## Exercise data

/---

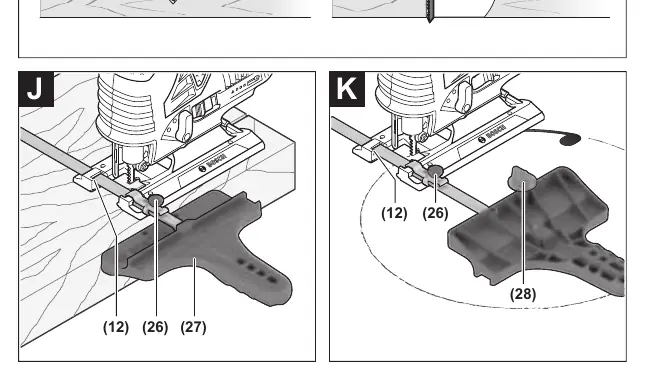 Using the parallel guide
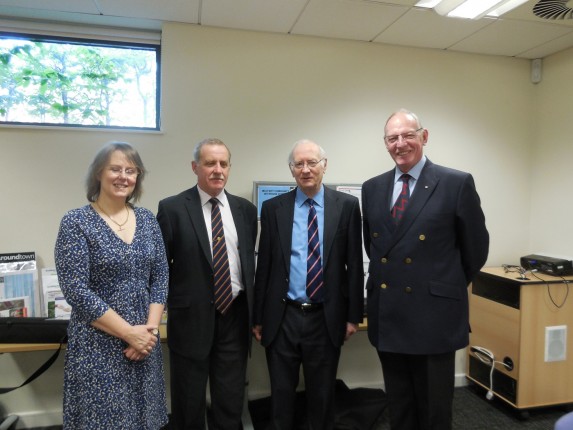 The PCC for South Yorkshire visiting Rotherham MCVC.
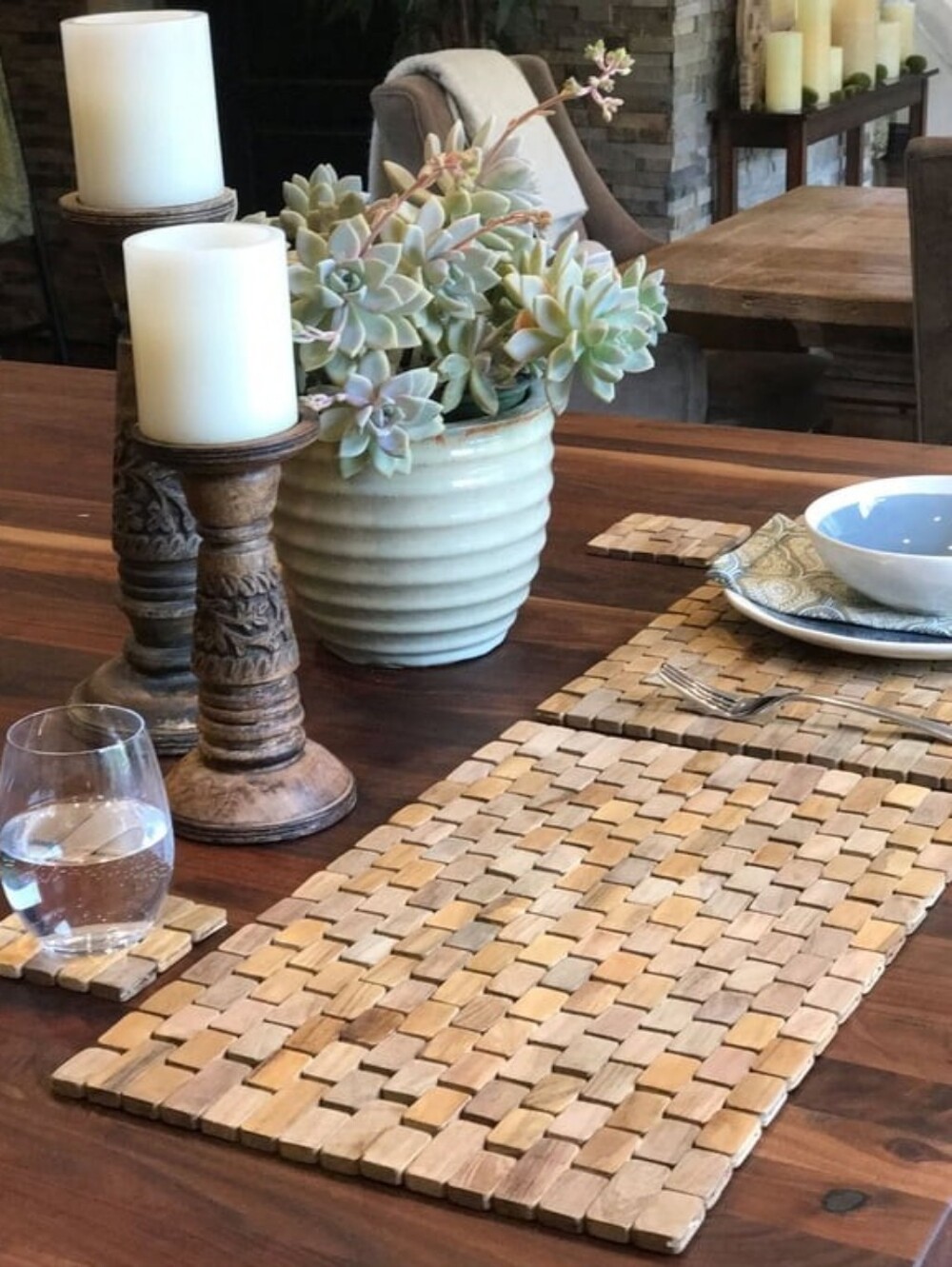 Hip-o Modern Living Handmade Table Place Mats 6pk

\---

I'd like the material duplicated exactly, without its pictures.

## Solution below
 Using the parallel guide
 The PCC for South Yorkshire visiting Rotherham MCVC.
 Hip-o Modern Living Handmade Table Place Mats 6pk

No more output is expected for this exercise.